New England’s underappreciated offensive line is made up of Isaiah Winn, Joe Thuney, David Andrews, Shaq Mason and Mike Onwenu, who is filling in for Marcus Cannon who opted out of 2020 due to COVID-19. The man usually running behind them is Sony Michel, who operates well with a power-blocking scheme that is reminiscent of the Pats’ ground game utilized earlier this century (Michel also needs the scheme to work for him because he’s not very quick and can’t quite create yardage on his own). But Michel has missed the last several games due to injury, and the players filling in for him have been career backup Rex Burkhead and second-year back Damien Harris.
One such old-school running play that the Pats have had success with over the last couple of years is Power-O – a man-blocking play which features double-teams at the point of attack and a guard pulling towards the side of the play. They also succeed with play-action off the same scheme. Pulling guards in play-action can influence linebackers’ coverage responsibilities, and New England could certainly apply it this week (side note – when Michel runs, it’s normally when Newton is under center. Michel rarely lines up in the shotgun).
Those power plays, plus the designed runs for Newton, have been successful for the most part. The Patriots are currently seventh in the NFL in rushing and fifth in yards-per-attempt.
In fact, no team has used more 21 personnel (two running backs, one tight end) over the last four years than New England – forcing defenses to play more predictable coverages. Without now-retired fullback James Develin – who was an elite blocker and a serviceable receiver – and his replacement, Dan Vitale, also being out for the season because of the virus, McDaniels certainly has had his hands full in adapting to what he has at his disposal.
The Patriots’ passing game is built around formations and motioning to dictate favorable matchups for their wideouts – check out Chris B. Brown’s excellent piece about it here (http://grantland.com/features/how-terminology-erhardt-perkins-system-helped-maintain-dominance-tom-brady-patriots/). Their premier pass-catchers are slot receiver extraordinaire Julian Edelman, who is still as quick and shifty as ever and running back James White, who excels in the screen game.
Beyond Edelman and White, however, there is a dropoff in reliability. Last year’s first round draft pick, N’Keal Harry (who boasts some raw ability) has struggled to adapt to the Patriots’ complex system, backup Jakobi Myers hasn’t proven himself at the NFL level yet and veteran Marqise Lee opted out of the season. Tight end Ryan Izzo is a better inline blocker than a receiver and rookies Devin Asiasi and Dalton Keene have been developing slowly this year. Edelman and Harry are both out for Sunday’s game due to various ailments.

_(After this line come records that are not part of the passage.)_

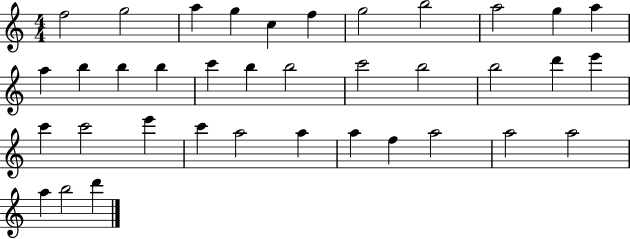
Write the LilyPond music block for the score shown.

{
  \clef treble
  \numericTimeSignature
  \time 4/4
  \key c \major
  f''2 g''2 | a''4 g''4 c''4 f''4 | g''2 b''2 | a''2 g''4 a''4 | \break a''4 b''4 b''4 b''4 | c'''4 b''4 b''2 | c'''2 b''2 | b''2 d'''4 e'''4 | \break c'''4 c'''2 e'''4 | c'''4 a''2 a''4 | a''4 f''4 a''2 | a''2 a''2 | \break a''4 b''2 d'''4 | \bar "|."
}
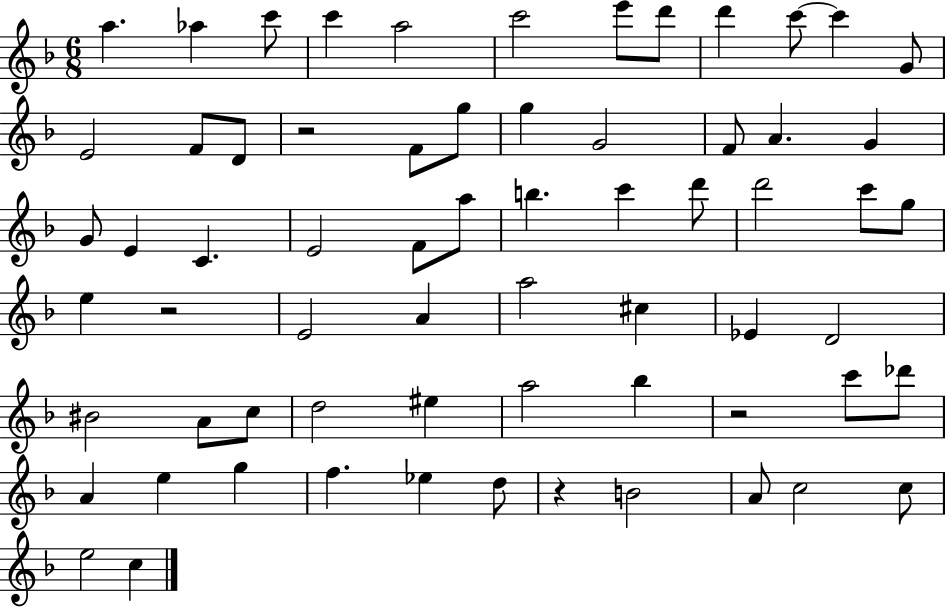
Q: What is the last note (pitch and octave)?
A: C5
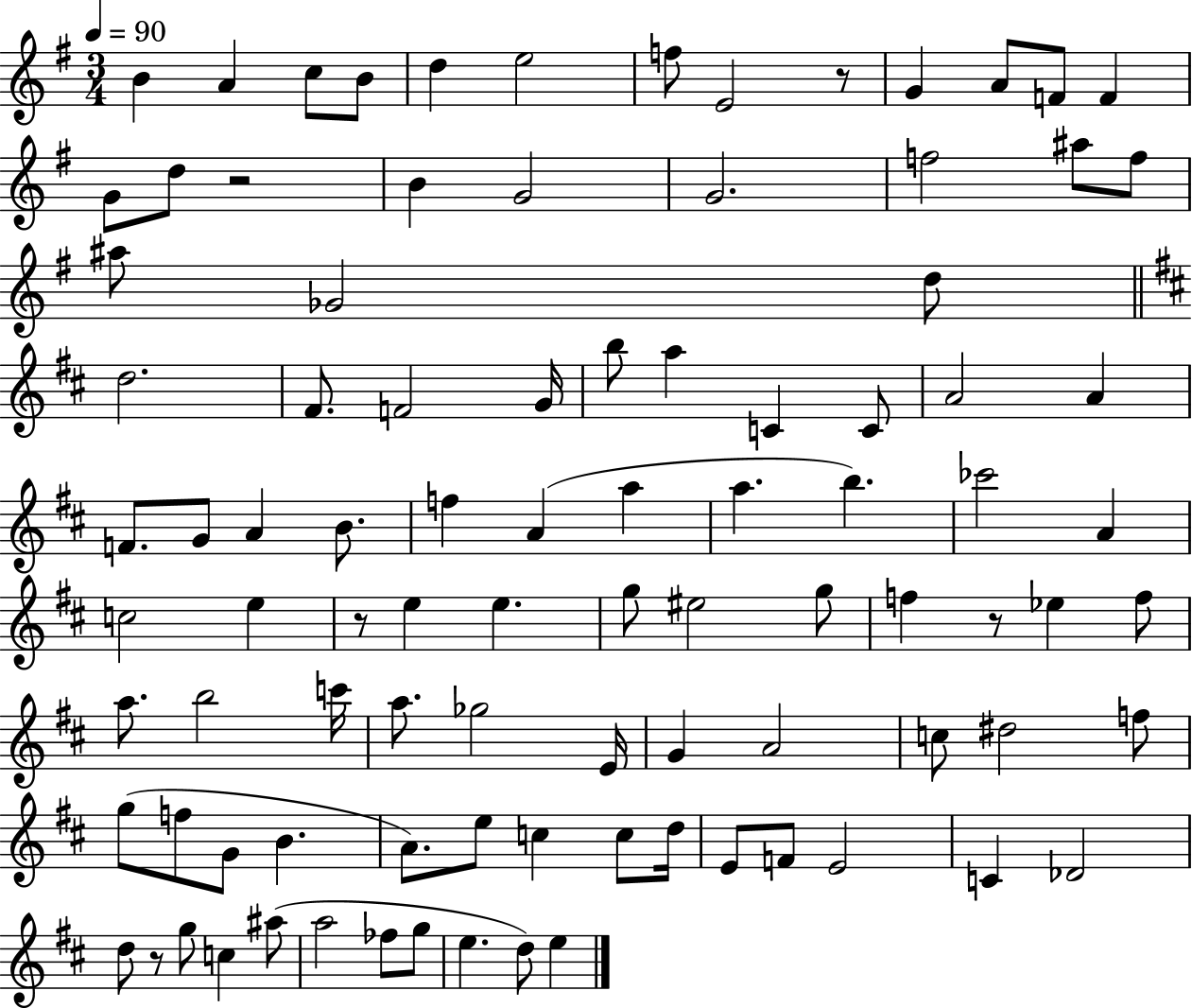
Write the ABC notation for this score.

X:1
T:Untitled
M:3/4
L:1/4
K:G
B A c/2 B/2 d e2 f/2 E2 z/2 G A/2 F/2 F G/2 d/2 z2 B G2 G2 f2 ^a/2 f/2 ^a/2 _G2 d/2 d2 ^F/2 F2 G/4 b/2 a C C/2 A2 A F/2 G/2 A B/2 f A a a b _c'2 A c2 e z/2 e e g/2 ^e2 g/2 f z/2 _e f/2 a/2 b2 c'/4 a/2 _g2 E/4 G A2 c/2 ^d2 f/2 g/2 f/2 G/2 B A/2 e/2 c c/2 d/4 E/2 F/2 E2 C _D2 d/2 z/2 g/2 c ^a/2 a2 _f/2 g/2 e d/2 e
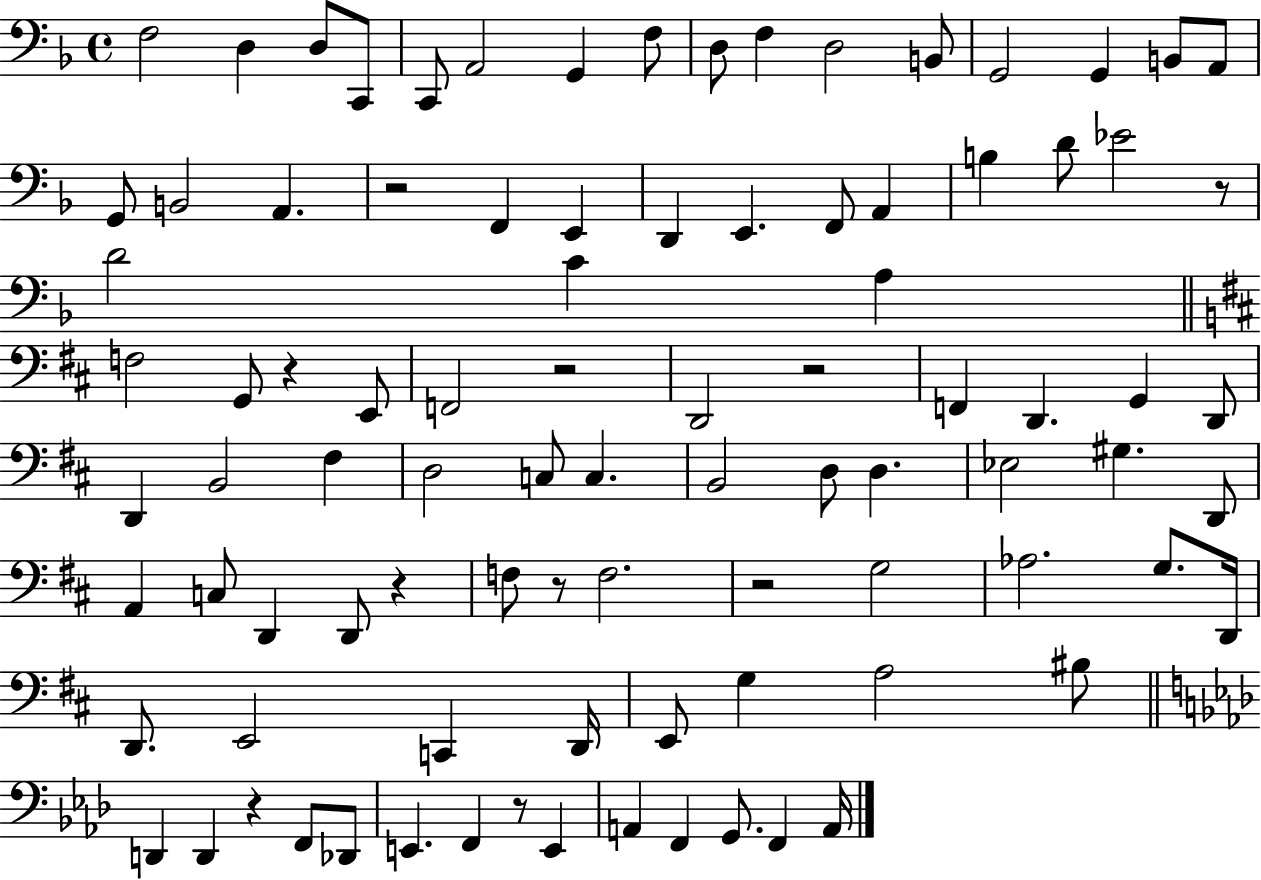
F3/h D3/q D3/e C2/e C2/e A2/h G2/q F3/e D3/e F3/q D3/h B2/e G2/h G2/q B2/e A2/e G2/e B2/h A2/q. R/h F2/q E2/q D2/q E2/q. F2/e A2/q B3/q D4/e Eb4/h R/e D4/h C4/q A3/q F3/h G2/e R/q E2/e F2/h R/h D2/h R/h F2/q D2/q. G2/q D2/e D2/q B2/h F#3/q D3/h C3/e C3/q. B2/h D3/e D3/q. Eb3/h G#3/q. D2/e A2/q C3/e D2/q D2/e R/q F3/e R/e F3/h. R/h G3/h Ab3/h. G3/e. D2/s D2/e. E2/h C2/q D2/s E2/e G3/q A3/h BIS3/e D2/q D2/q R/q F2/e Db2/e E2/q. F2/q R/e E2/q A2/q F2/q G2/e. F2/q A2/s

NEW ENGLAND’S DEFENSE IS CONSTANTLY EVOLVING
Early in Belichick’s tenure in New England his defenses were versatile and unpredictable, with intelligent veterans carrying out his voluminous schemes. But it has done a complete about-face over the past decade.
According to former MMQB/SI writer Andy Benoit, “(Belichick’s) Patriots were known for being a certain defense one week and a totally different defense the next. They could run any coverage, play out of any structure – be it 4-3, 3-4 or a blend – and disguise pressures and post-snap rotations like none other.
“Belichick’s defense is, and has been for roughly 10 years, a simple bend-but-don’t-break unit….. They play a lot of straight man coverage, often with one safety deep and the other robbing over the middle. They blitz rarely….. even presnap disguises can be few and far between. When the Patriots do get aggressive is usually when the offense approaches scoring range. That’s the ‘don’t break’ part.”
Recently the Patriots have gotten pressure on opposing quarterbacks by rushing six players with stunts and twists out of a “diamond” front when opposing offenses show a five-man protection scheme – often with man-coverage across the board and no deep safeties (also known as Cover Zero). It’s a highly aggressive scheme, but one that New England can usually pull off thanks to the talent in their secondary.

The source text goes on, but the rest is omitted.